Thursday, February 7, 2013

Welcome to Russia!

To Build a Fire is a short story by Jack London that describes an arrogant man's walk from one trading post to the next in the dead of a winter along the Yukon Trail. London is unsympathetic to his central character, as unsympathetic as nature is. At the start of the story an old timer warns the man, if it's fifty below, don't venture out without a partner - better yet don't go out at all. Even the man's dog knew better, but the man goes anyway. And dies.

Not much has changed in the hundred years since that story was written. Caution in the frozen north pays rewards and success goes to those that are prepared and respectful of nature and her awesome abilities. It's been said that nature has nothing to fear from man and that when it is time she will reclaim her birthright. When she does, we humans shall sit down and we shall sleep the most comfortable and satisfying sleep ever known. I digress.

The art of over-preparation and overpacking for these adventures has its consequences. Having frequent flyer status on Delta allows me to carry two bags for free. Aeroflot, a Delta Sky Team partner airline, could apparently give a toss and told me I could only check one bag, the other one I'd have to pay a surcharge for. The pretty brunette counter agent looked at me with solicitude, but made a lackluster shrug that said, "Really, I can't do anything. Decisions need running up the management chain and if the manager won't return my call then, gosh, comrade there's really nothing I can do. You will just have to wait." Initiative, I realized at that moment, relies on trusting people to do the right thing without supervision. Trust is still in short supply in Russia. It will take a couple more generations before the double double checks become the exception rather than the norm.

Eventually I was directed upstairs where I talked with a ticket agent who said the same thing, that my fare allowed only one checked bag. She then sent me over to the check-in clerk who momentarily gave me a little hope that I might get away with it. No such luck. The mousey agent's fearsome middle aged supervisor said 'Nyet!' and I was sent packing to the excess baggage desk manned by the most ferocious looking woman yet. She hit me up for a $70 surcharge and made me feel like I was lucky not to have been arrested as well. 

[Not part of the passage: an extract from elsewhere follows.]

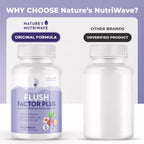 Nature’s NutriWave Flush Factor Plus - Original Formulated FlushFactorPlus for Leg Comfort, 100% Natural Ingredients, Made in USA, No Stimulants | 30 Capsules, 1 Month Supply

Cutting back into the boarding pass line I heard someone behind me calling my name, "Mike! Mike!" It was Zaya, my traveling partner for this trip. At the last minute she had decided to abandon her original plan of taking the Trans Siberian Railway from her home town of Ulan Baatar in Mongolia and flew instead. We hadn't seen each other or spoken since we parted ways in Peru four months earlier. After we checked in we spent some time catching up. Zaya is in her heart a romantic, even if she is unsure if she will ever fall truly in love. She wasn't having much success in that department, but was happy to know that I'd gotten engaged almost as soon as I returned home from Peru. I had a feeling her luck was about to change and that someone would sweep her off her feet - if they could only keep up with her.